- Brief -
From the listing below, output only the lines starting at the line that has "4121 Burwood Drive, Fort Worth, TX 76262" and ending at the line that has "2016 Tesla Model S 90D", exactly as they appear, ends included.

- Extracted information -
________________________

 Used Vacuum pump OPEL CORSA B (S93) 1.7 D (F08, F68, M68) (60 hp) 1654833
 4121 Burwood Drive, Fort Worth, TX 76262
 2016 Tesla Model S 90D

________________________

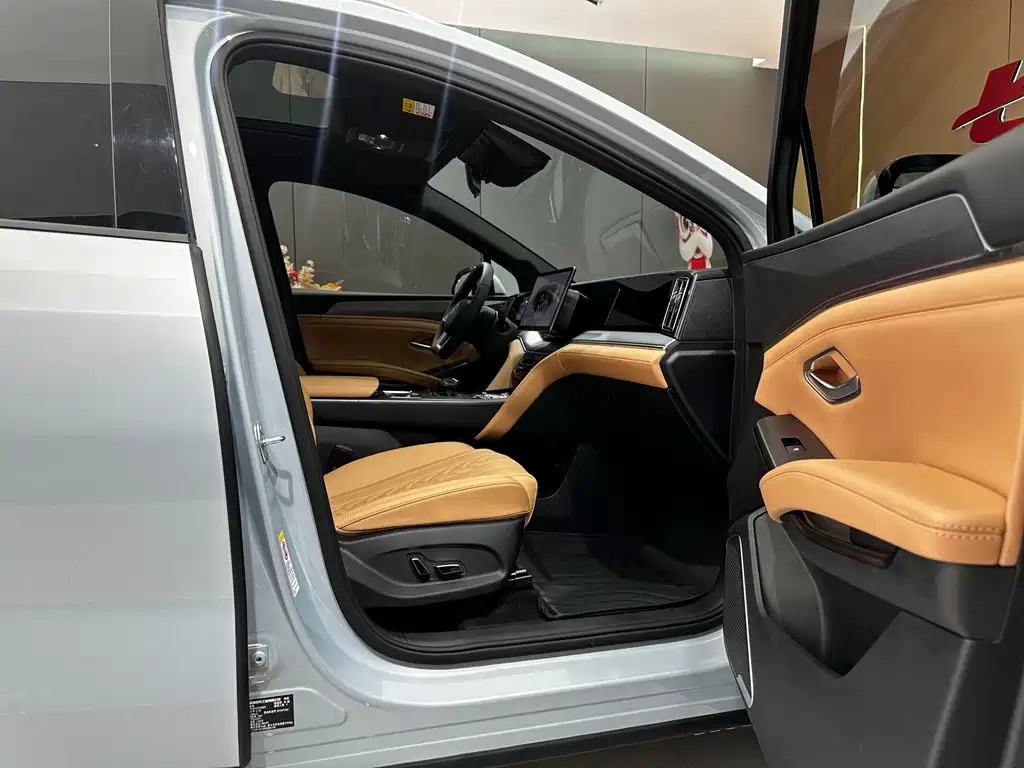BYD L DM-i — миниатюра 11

________________________

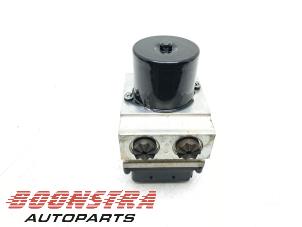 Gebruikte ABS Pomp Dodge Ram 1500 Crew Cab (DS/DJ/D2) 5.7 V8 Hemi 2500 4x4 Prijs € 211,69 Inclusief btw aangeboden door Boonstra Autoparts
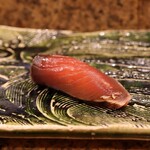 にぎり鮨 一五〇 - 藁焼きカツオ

________________________

- Answer for this exercise -
 4121 Burwood Drive, Fort Worth, TX 76262
 2016 Tesla Model S 90D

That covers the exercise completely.